Application remediation involves gathering metrics and performance statistics about your application. This helps you identify bottlenecks and errors that can lead to instability in your software (and frustration for your users).
New Relic provides views of your application’s performance to help you quickly identify and remediate errors. These quick wins ensure you and your colleagues can accelerate the momentum of DevOps in your organization.
1. Use semantic naming throughout New Relic
Use semantic naming to give meaningful, structured names and labels to the applications you’re monitoring. Create a scalable syntax that can be understood, filtered, and sorted by any team who might use New Relic now or in the future. When you create your naming structure, be sure to consider growth and the potential for scaling/changes in your application’s architecture.
Consider the following naming structure:
This structure allows for additions to scale (for example, store-eu-web-prod-02), and makes the application’s environment searchable.

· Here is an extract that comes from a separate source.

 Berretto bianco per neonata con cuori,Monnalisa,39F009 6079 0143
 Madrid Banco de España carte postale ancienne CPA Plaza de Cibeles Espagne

Any convention you use should be unique to your organization’s structure, but be sure to use a convention that will allow you to optimize your environment as need.

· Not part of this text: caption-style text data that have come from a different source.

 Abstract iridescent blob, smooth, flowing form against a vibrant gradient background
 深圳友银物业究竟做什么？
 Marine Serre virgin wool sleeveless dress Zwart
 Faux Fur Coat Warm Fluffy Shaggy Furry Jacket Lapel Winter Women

2. Deploy the New Relic agent
Review the compatibility and requirements for New Relic agents and products, and then follow the documentation to install the appropriate agent in your application. Once the agent is installed, you should see data begin to populate in New Relic within minutes.
If after several minutes, New Relic is not showing performance information, see No data appears.
3. Identify application performance outliers and errors
The default charts in New Relic tell a story about your application’s performance. If there are performance issues, patterns in the charts highlight the causes. The following figure, from the Overview page in New Relic APM, shows a large spike occurred at noon on March 27th, and was nearly double the response time of our application’s overall trend:
Additionally, the response time breakdown shows a spike in Web external (which indicates downstream dependencies). Since the spike seems to correlate with periods of higher throughput, we can then use the Throughput chart to analyze the problem in more detail.
4. Drill into specific time frames
Click and drag on a graph, to drill into a focused time slice of performance data to better isolate any issue you’re investigating. In this example, we’ve narrowed the view on the spike we saw in web transactions times:
Here, it’s obvious that some part of Web external, which is an application or service called by our Web portal app, is likely the source of the issue.
5. Drill into transaction traces to investigate outliers
New Relic displays transactions ordered with the most time consuming transaction at the top. Click a transaction to navigate to the Transactions page and expand that transaction into its component parts and see any transaction traces that have been captured as a result of any performance issues. New Relic automatically captures these traces whenever a transaction violates your Apdex score by more than four times for a specific number of seconds.
If you’re not capturing any transaction traces, you may not be violating these thresholds. Be sure to configure transaction traces for your applications as needed.
In the following example, we see that interceptor.ServletConfigInter... has significant transaction times:
In fact, it’s responsible for 99.9% of the app server time, which means we’re getting closer to identifying the culprit of our spike.
Here, we see the same spike from before, but the performance of the transaction is broken down into its components:
While the share of the response times for most components of this transaction remained stable, GetPlansController (in brown) spiked massively.
From the Transaction traces table, we can drill further into the transaction trace to get method-level detail of where the issue is occurring.
6. Identify performance outliers in the database
We identified that GetPlansController is consuming the vast majority of our response time. Here we see it in the transaction trace summary:
Trace details shows an execution timeline of this transaction, and we see that Plan Service is the external transaction causing the issues—the red color-coding indicates the problem.
From this point, we can navigate to the Transactions summary page for Plan Service:
The breakdown of the GetPlans transaction shows that database calls, particularly MySQL PlansTable select, appear to be a significant portion of the overall response time. The Breakdown table further identifies the problem: the number of database calls per transaction is very high. Note again that it’s highlighted in red.
Once again, we can look at a transaction trace to find what might be causing these queries.
Finally we find that an extremely large number of select methods account for the majority of transaction time. We can now take steps to address this potential N+1 query problem.
After we remediate this issue, improved response times will lead to fewer frustrated requests and more satisfied customers—which will be reflected in this application's Apdex score.
7. Explore and Resolve Clusters of Errors
When you need to track down what causes errors in your app, it may not be easy to identify the cause. Using applied intelligence developed by New Relic, APM Error Profiles automatically compare one set of events to another. An error profile is a collection of attributes with significantly different traits compared to non-errors. New Relic displays pie charts that sorts error attributes by the greatest deviation from the “norm."
For backend errors, go to APM, select Error Analytics in the left nav, and then click on the Error Profile tab. In this example, the culprit is obviously a web transaction validating coupons, and now you can view the error stack trace, message, and the line of code from which the error was thrown.
Roughly half of the errors come from
phone.jsp, so that is the place to start investigating. Then determine if you can safely ignore the error, or if you should resolve the error with code edits and a new deployment, or provide communication about the issue to your customers.
Now that you have dealt with performance outliers and clusters of errors, you are well on your way to optimizing your application so you can baseline it for trend analysis.